Goal of the exercise »
Within the material below, how many lines include the word "thumbnail"? Only the number should be given.

Supplied material »
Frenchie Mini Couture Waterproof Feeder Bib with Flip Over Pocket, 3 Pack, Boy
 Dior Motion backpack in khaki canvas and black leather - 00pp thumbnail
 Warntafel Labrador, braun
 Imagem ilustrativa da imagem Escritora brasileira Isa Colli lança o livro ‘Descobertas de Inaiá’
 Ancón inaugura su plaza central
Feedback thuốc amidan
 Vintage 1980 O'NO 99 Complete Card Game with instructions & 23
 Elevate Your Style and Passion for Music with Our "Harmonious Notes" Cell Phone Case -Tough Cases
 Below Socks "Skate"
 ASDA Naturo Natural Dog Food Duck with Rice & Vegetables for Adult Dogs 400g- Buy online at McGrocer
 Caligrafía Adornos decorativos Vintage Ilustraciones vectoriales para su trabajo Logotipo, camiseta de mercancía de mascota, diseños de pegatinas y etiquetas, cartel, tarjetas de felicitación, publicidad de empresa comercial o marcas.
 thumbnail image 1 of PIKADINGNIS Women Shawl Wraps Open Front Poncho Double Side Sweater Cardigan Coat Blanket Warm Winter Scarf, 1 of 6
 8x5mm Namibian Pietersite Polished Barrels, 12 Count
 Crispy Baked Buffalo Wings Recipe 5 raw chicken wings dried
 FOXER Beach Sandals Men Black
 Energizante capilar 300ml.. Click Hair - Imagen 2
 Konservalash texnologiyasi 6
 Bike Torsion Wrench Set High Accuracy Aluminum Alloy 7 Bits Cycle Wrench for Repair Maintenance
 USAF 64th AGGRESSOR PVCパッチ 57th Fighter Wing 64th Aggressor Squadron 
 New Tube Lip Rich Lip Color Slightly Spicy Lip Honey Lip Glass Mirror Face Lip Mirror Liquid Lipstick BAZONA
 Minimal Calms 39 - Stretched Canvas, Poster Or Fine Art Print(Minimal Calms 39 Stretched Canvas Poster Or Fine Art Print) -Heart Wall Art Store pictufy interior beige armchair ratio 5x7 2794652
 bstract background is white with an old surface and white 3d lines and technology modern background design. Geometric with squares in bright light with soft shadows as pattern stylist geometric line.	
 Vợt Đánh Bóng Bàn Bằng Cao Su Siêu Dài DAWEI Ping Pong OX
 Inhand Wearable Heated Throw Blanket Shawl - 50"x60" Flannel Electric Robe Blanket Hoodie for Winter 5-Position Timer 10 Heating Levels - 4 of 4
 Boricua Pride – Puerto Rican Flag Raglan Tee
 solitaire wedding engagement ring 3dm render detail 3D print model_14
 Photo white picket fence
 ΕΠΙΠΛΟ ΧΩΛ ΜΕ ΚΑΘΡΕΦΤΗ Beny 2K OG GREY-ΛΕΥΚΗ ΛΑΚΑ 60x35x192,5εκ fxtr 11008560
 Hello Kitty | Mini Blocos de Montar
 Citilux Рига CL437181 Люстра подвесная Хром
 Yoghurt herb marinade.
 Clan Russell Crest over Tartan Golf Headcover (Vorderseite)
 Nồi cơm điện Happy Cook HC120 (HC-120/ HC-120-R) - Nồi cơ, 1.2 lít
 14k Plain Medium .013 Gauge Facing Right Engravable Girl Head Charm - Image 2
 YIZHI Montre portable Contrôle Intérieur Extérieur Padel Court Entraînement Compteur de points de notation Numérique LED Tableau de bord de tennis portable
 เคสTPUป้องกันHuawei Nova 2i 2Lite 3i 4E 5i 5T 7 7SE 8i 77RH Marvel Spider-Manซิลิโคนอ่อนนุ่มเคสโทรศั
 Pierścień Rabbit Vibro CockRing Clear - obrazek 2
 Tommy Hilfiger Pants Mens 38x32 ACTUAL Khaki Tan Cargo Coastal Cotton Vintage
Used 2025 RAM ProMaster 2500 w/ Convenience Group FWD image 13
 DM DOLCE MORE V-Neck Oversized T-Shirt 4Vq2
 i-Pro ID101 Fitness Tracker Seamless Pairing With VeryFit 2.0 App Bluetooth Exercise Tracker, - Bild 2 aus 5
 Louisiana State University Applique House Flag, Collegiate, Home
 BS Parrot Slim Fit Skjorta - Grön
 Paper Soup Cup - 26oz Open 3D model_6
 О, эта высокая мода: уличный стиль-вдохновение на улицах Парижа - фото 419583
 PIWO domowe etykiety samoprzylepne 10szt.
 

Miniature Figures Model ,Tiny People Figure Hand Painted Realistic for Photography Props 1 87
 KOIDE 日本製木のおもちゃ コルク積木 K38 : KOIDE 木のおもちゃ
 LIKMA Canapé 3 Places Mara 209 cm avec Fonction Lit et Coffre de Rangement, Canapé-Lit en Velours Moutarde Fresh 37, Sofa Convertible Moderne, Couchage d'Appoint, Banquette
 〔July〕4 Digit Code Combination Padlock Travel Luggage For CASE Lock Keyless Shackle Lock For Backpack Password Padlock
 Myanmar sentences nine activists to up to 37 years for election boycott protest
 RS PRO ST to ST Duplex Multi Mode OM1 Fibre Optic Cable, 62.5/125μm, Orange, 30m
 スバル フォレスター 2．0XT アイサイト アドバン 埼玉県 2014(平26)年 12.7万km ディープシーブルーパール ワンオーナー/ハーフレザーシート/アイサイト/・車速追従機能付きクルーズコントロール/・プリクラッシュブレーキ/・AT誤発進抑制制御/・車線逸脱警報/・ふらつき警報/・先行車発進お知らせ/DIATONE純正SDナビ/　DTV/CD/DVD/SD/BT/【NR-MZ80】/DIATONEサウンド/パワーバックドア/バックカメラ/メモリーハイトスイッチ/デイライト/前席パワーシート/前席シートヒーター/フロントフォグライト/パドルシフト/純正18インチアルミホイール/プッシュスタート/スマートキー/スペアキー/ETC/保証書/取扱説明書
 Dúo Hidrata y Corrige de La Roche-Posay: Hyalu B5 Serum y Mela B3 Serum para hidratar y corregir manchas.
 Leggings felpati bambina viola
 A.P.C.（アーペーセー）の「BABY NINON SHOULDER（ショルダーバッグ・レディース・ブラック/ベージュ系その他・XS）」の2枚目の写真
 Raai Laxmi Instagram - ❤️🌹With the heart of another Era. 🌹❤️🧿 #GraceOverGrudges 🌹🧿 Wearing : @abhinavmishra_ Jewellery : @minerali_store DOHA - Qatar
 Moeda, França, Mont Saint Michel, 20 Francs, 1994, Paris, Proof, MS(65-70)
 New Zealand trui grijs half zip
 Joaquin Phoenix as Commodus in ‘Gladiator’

Solution to the exercise »
2